The NFA set in place final rules relating to slippage and re-quoting back in 2010 after irregularities in FXCM’s practices relating to slippage and re-quoting were discovered, costing the firm $16 million in fines collected by the NFA and restitutions to customers.
NFA Inspection Revealed Irregularities
During a visit to FXDD in June 2011, NFA discovered that FXDD had been using asymmetrical price slippage settings since becoming an NFA Member in December 2009.

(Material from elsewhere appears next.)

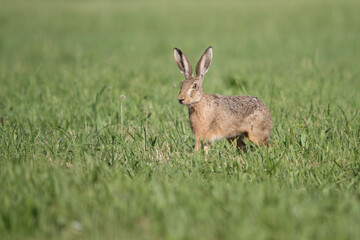 alert rabbit on green grass during spring, easter tradition symbol
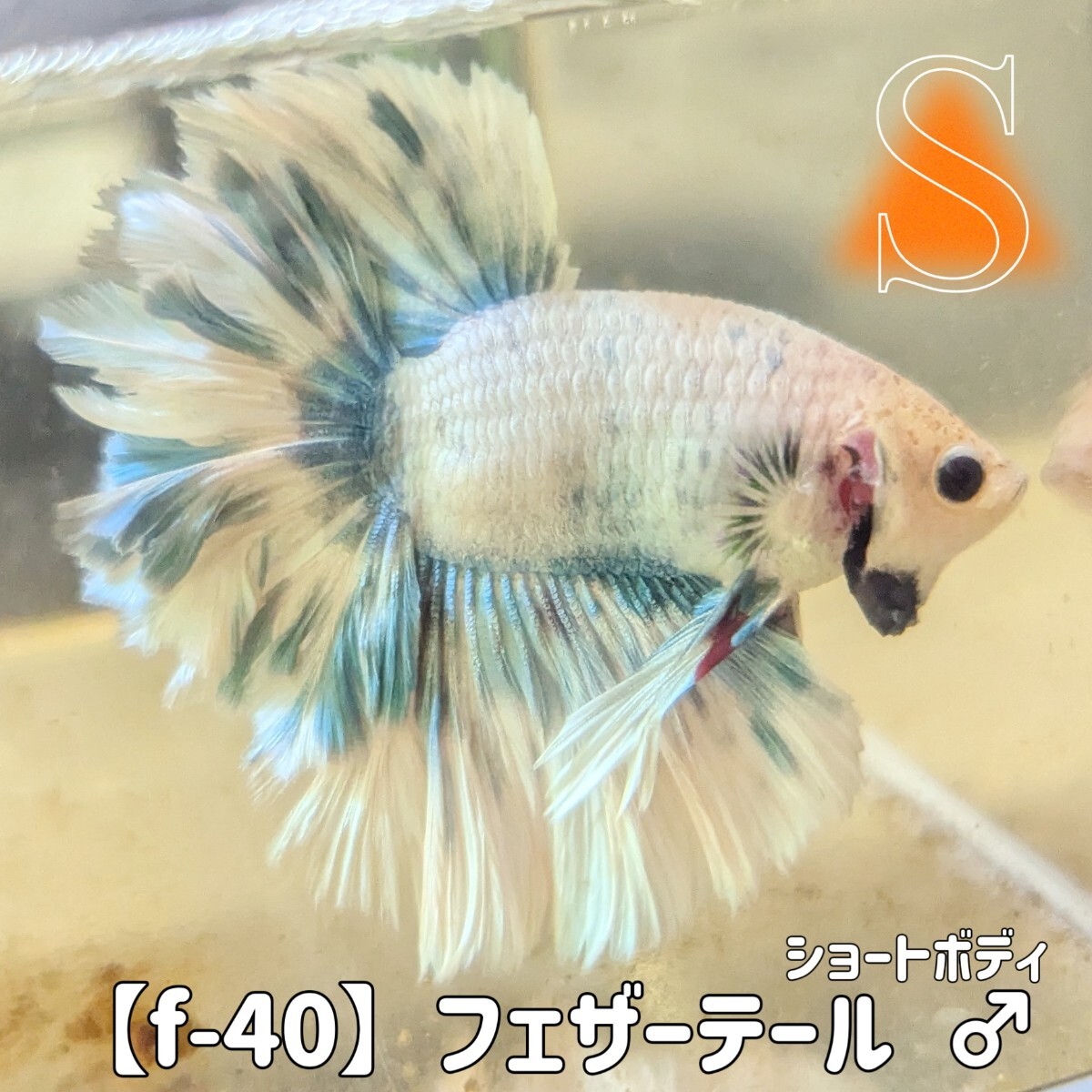 Yahoo!オークション -「ショートテール」(熱帯魚) (魚類、水生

These asymmetrical slippage settings were activated during the “price check” process when FXDD’s system compared the customer’s tagged price to current market prices. If, after the customer entered his/her order, the market moved in the customer’s favor (“positive slippage”) by no more than two pips, then FXDD would fill the customer at the tagged price.
This particular complaint against FXDD last year cited that, for example, in an IE trade, if a customer requested to buy 100,000 EUR/USD where the bid price on the customer’s computer screen was 1.43 and the ask price was 1.45, the customer would click on the ask price of 1.45 to buy the contract and that would be the tagged price captured on the front-end of FXDD’s system. However, before executing the trade and confirming it to the customer, FXDD would also run the customer’s order through two primary “checks” – a “margin check” and a “price check” – on the back-end of FXDD’s system.
The “margin check” ensures that the customer has adequate funds to make the trade, while the “price check” ensures that when the back-office system receives the customer order that the tagged price remains within certain price parameters based on current market prices. After these “checks” were completed, the complained alleged that FXDD either filled the customer’s trade at the tagged price of 1.45 or rejects the trade.